Partition Key + Sort Key

  • Combination must be unique.
  • Data is grouped by partition key, then sorted by sort key.

Throughput

  • RCU/WCU can be auto-scaled.
  • "Burst Credit" allows throughput to be temporarily exceeded.
  • A ProvisionedThroughputException will be thrown if burst credit is exceeded. Fix via exponential back-off.
  • A ProvisionedThroughputExceededException will be thrown if RCU/WCU is exceeded. Could be caused by hot keys, hot partitions of very large items. Fix via exponential back-off, distributing partition keys better, or use DynamoDB Accelerator.
  • RCU/WCU is spread evenly between partitions.
  • Round up to nearest KB when calculating RCU/WCU.
  • Eventually consistent reads may return old data due to replication delays. Can use ConsistentRead on GetItem, Query and Scan.
  • Strongly consistent reads will return the latest data.
  • Calculating RCU/WCU:

    Operation Reads/Second Item Size
    Eventually Consistent Read 2 4KB
    Strongly Consistent Read 1 4KB
    Write 1 1KB

Partitions

  • Data is divided into partitions.
  • Partition keys are hashed to determine which partition they go to.
  • Calculating the number of partions:

    How Method
    By Capacity (total RCU/3000) + (total WCU/1000)
    By Size Total Size/10GB
  • Total number of partitions is the max of capacity and size.

Reading Data

  • GetItem to read based on a primary key (hash or hash range). ProjectionExpression can be used to limit the item attributes that are returned.
  • BatchGetItem to retrieve upto 100 items (16MB data).

Writing Data

  • PutItem to create or replace an item.
  • UpdateItem to update an item. Can use an atomic counter to consistently increment/decrement a value.
  • BatchWriteItem to write up to 25 PutItem or DeleteItem in one call. Reduces latency, and cost. Maximum batch size is 16MB. Part of the batch can fail, and the failed items would have to be retried.

Conditional Writes

  • Accept a write/update only if conditions are met. Good for concurrent acess.

Deleting Data

  • DeleteItem to delete a row. Can do conditional deletes.
  • DeleteTable to delete an entire table.

Querying Data

  • Query returns items based on the partion key and (optional) sort key.
    • Use FilterExpression to perform client-side filtering.
    • Up to 1MB of data.
    • Supports limit/pagination.
    • Can query a table, local secondary index, or a global secondary index.
  • Scan scans the whole table, then filters data.
    • Inefficient.
    • Max 1MB of data.
    • Supports limit/pagination.
    • Parallel scan will scan faster.
    • Supports ProjectionExpression and FilterExpression.

Indexes

Local Secondary Index

  • Range key for the table.
  • Bound to the partition key.
  • Must be defined when the table is created.
  • Up to five LSI per table.
  • Sort key must be string, number or binary attribute.

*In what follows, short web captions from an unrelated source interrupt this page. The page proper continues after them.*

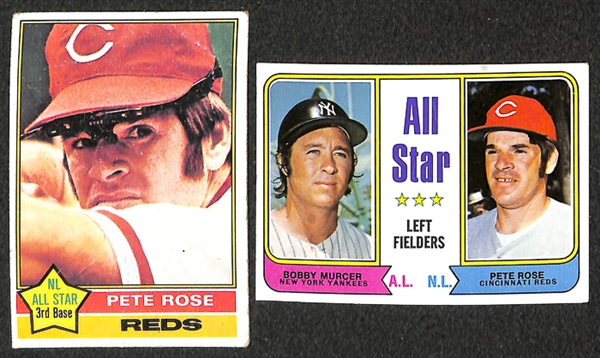Lot of 54 Pete Rose Topps Cards from 1970 to 1973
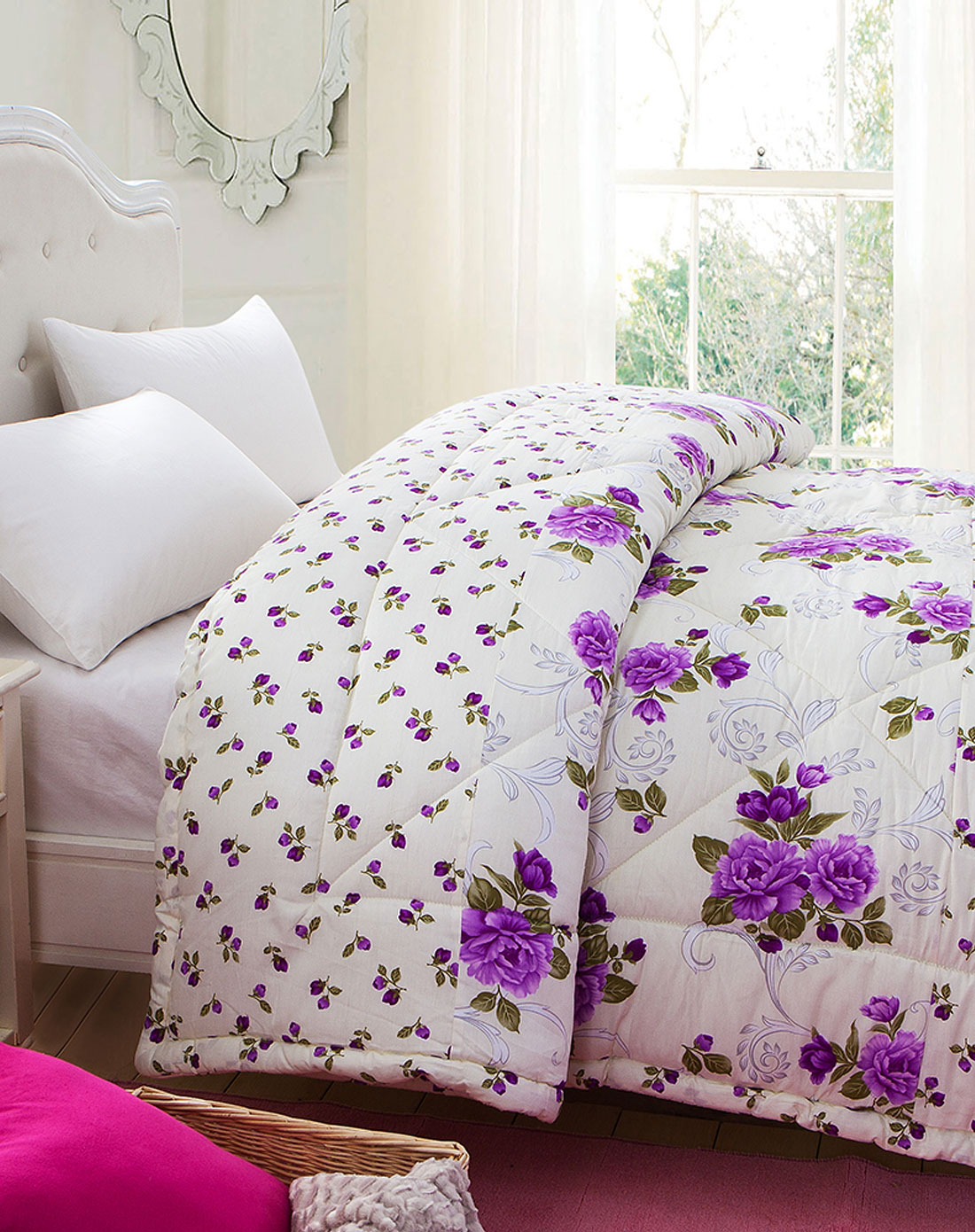 220*240cm印花被(紫花白底)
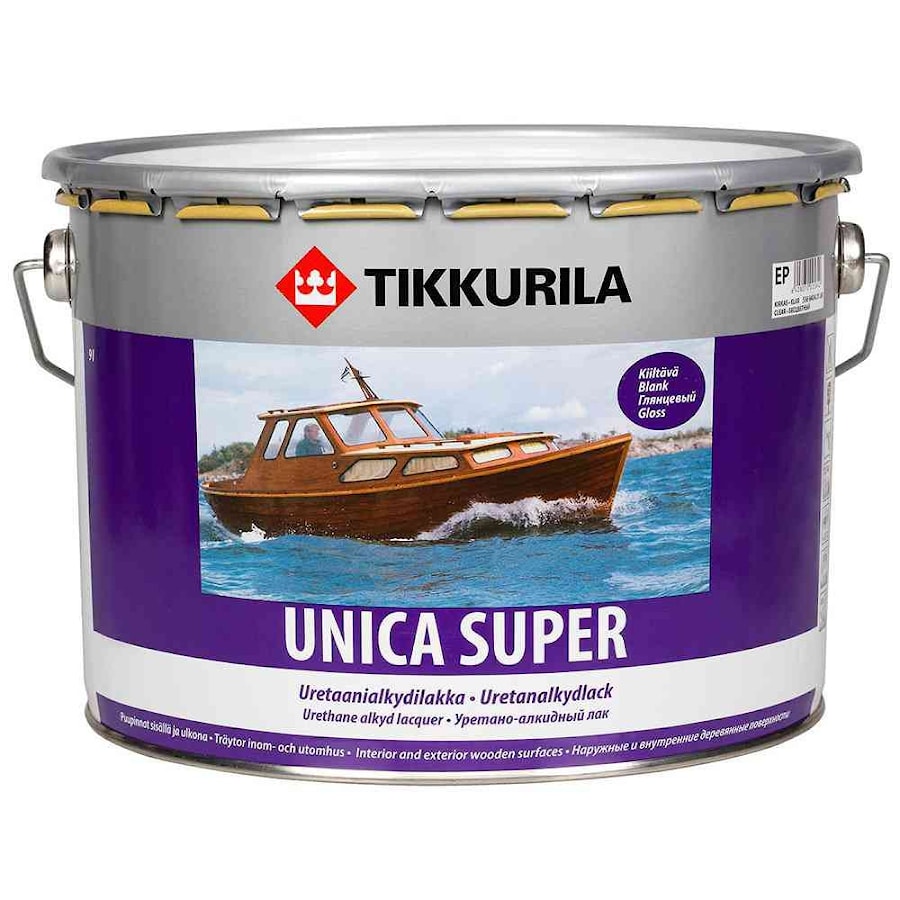 Unica Super urethane-alkyd半光漆木材Tikkurila - 价格9,0l。 324.90白俄罗斯卢布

Global Secondary Index (GSI)

  • Can be added/modified on the fly.
  • Speeds up queries on non-key attributes.
  • Uses partition key + sort key.
  • Generates a new table that item attributes are projected on to using the INCLUDE, ALL or KEYS_ONLY parameters.
  • Have to define a WCU/RCU for the GSI.
  • If GSI writes are throttled, it will throttle the main table.

Concurrency

  • DynamoDB uses optimistic locking.
  • The first concurrent request to modify an object "wins". The remaining concurrent requests will fail.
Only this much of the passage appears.